* [Task to complete]:
Please print, exactly, only the lines in the entries below from the line that has "Once Upon a" through the line that has "Vintage FRANK Single". Pictures don't go in.

BEGIN Dataset

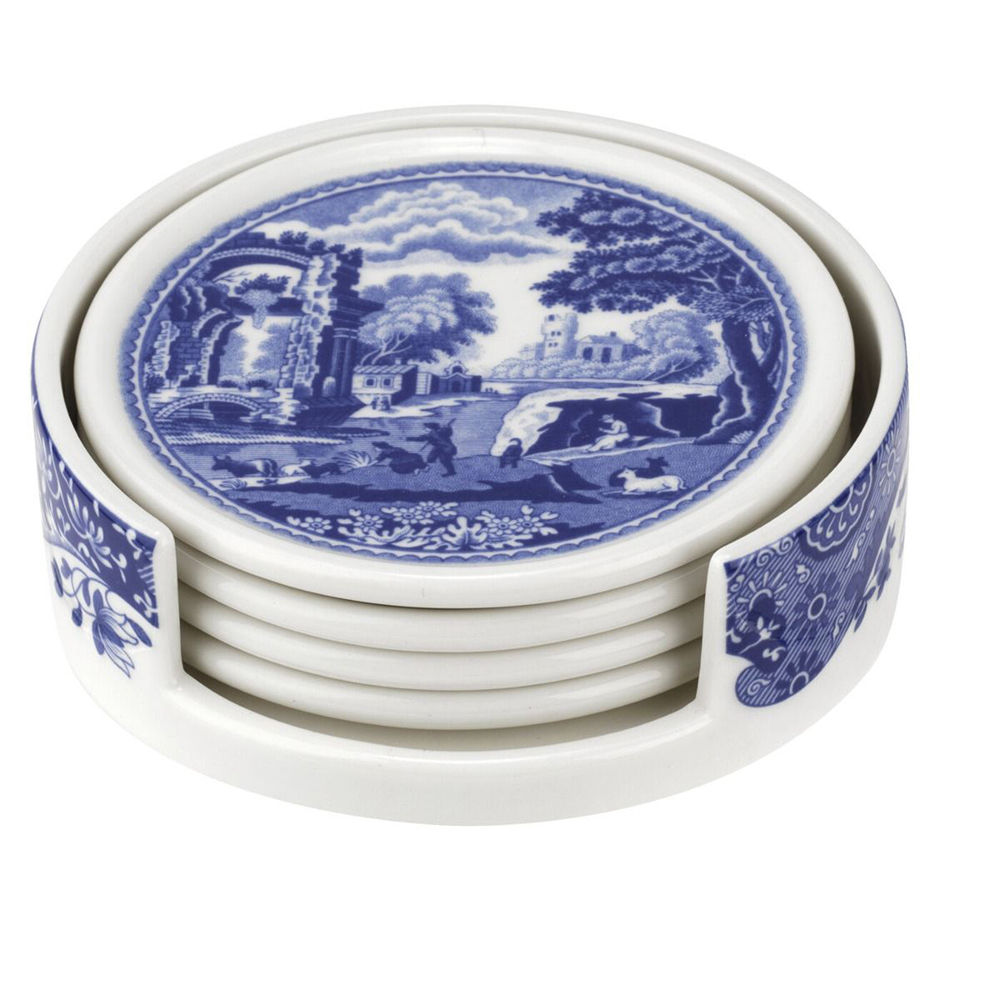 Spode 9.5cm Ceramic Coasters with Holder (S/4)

END Dataset
BEGIN Dataset

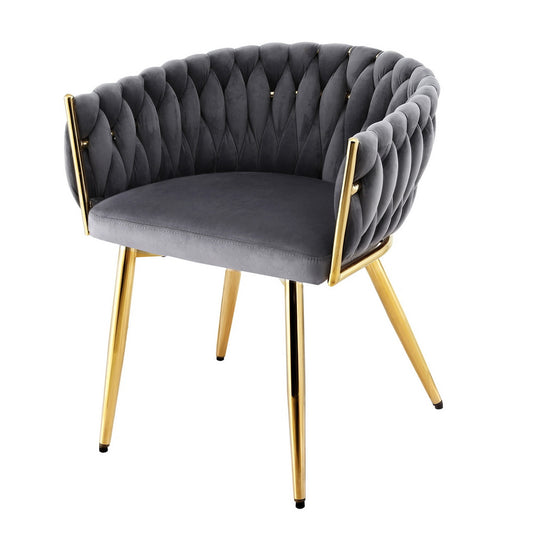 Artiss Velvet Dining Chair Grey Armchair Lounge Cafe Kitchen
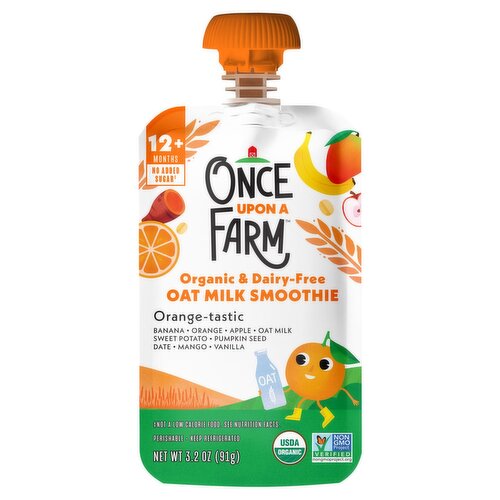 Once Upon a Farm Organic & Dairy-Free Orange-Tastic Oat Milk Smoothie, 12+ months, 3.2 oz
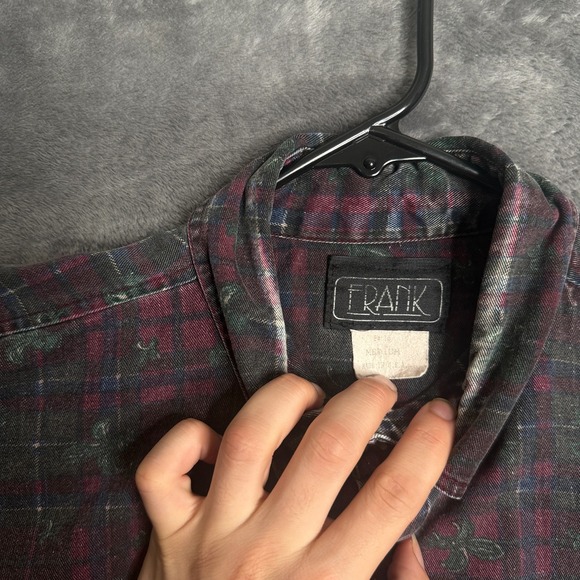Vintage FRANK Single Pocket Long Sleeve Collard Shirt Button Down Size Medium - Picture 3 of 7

END Dataset

* [Problem solution]:
 Once Upon a Farm Organic & Dairy-Free Orange-Tastic Oat Milk Smoothie, 12+ months, 3.2 oz
Vintage FRANK Single Pocket Long Sleeve Collard Shirt Button Down Size Medium - Picture 3 of 7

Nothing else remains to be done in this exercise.